It was glossed over in the lecture that gradient penalty term is required to enforce 1-L continuity. Moreover any gradient other than 1 is penalised.
Can somebody explain how come adding gradient penalty help achieving 1-L continuity?
It was glossed over in the lecture that gradient penalty term is required to enforce 1-L continuity. Moreover any gradient other than 1 is penalised.
Can somebody explain how come adding gradient penalty help achieving 1-L continuity?
Hi Richeek,
Welcome to the community !
Take a look at this attachment :
As you can see here, the regularization term or the gradient penalty is a positive number that is being added to the loss function, so when you are trying to minimize the loss function, you are also trying to get the regularization term close to zero such that it doesn’t have a big say in the loss and to bring it to that point eventually means that you are indirectly trying to bring the norm closer to 1 , thus indirectly enforcing the constraint. Also, it is better compared to weight clipping due to stability during the training.
Hope you get the point, if not feel free to post your queries.
Regards,
Nithin
What about when gradient is less than 1 (following L-1 continuity)?

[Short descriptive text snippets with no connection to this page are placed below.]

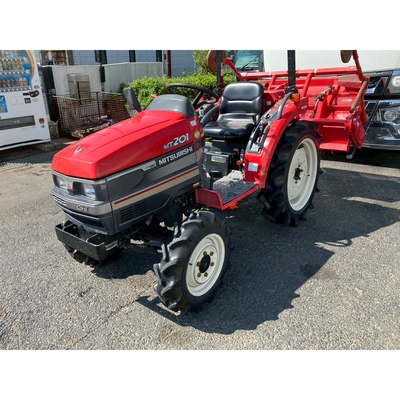 MITSUBISHI トラクター MT201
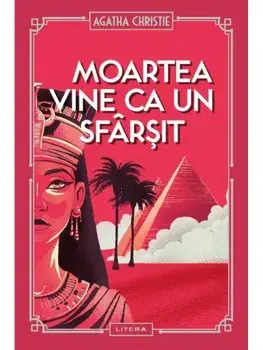 Moartea vine ca un sfarsit/Agatha Christie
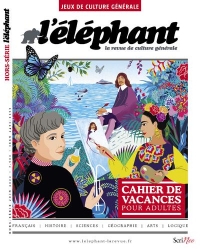 L'éléphant - Hors-série 9 Jeux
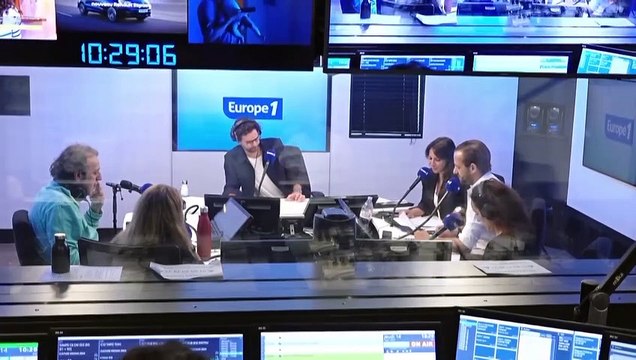 Pierre-Antoine Damecour alias Tony Larnaquos : «Il faut que je m’échauffe sinon je peux me claquer une phalange»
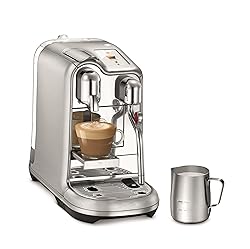 Nespresso Creatista Pro Espresso Machine by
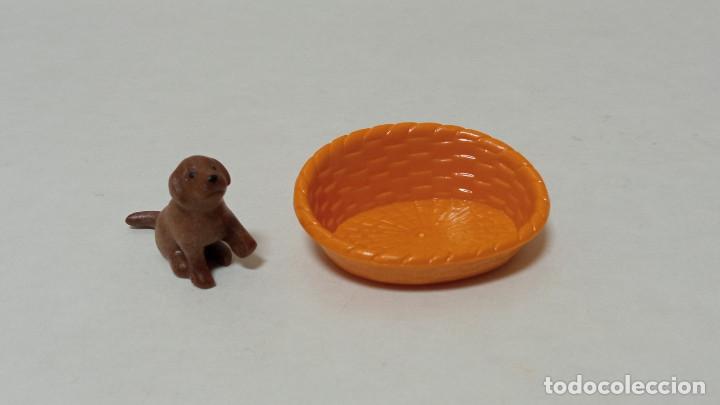 Playmobil: Playmobil - Perrito con Cama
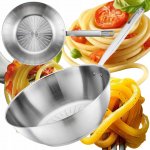 Fiskars Pánev ALL STEEL PURE WOK 28 cm 4,5 l – Zbozi.Blesk.cz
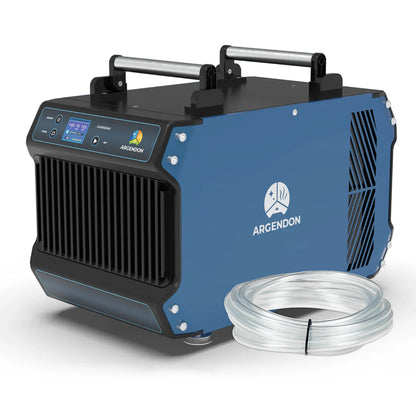 Xp Commercial Kitchen.Cleaning - 145-Pint Large Dehumidifier for Basement with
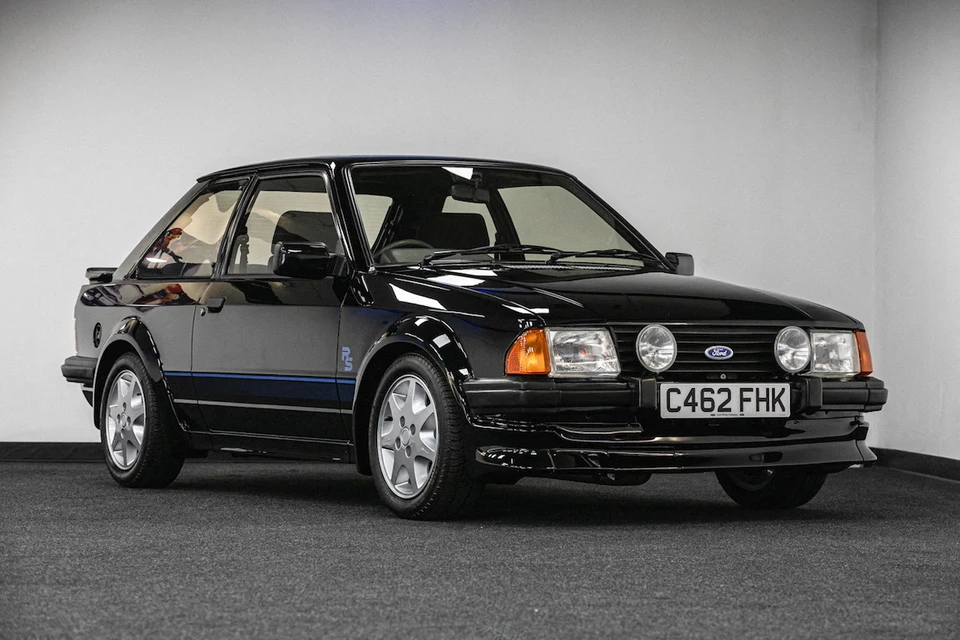 Ford Escort RS Turbo Series 1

Why the critic’s loss function want it to be exactly 1?
It doesn’t want it to be exactly 1 but much closer to 1, say it wants it to be in this region 1-alpha to 1+alpha where alpha is a very small number.
1-L continuity asks me to keep the norm to be at most 1 at all points, it can be less than 1 but by keeping it near to 1, I’m still enforcing the constraint right.
Also, we have to consider model training too, we have to think of a way to provide stable training + following the constraints and thus it is implemented this way.
I see thanks for your reply!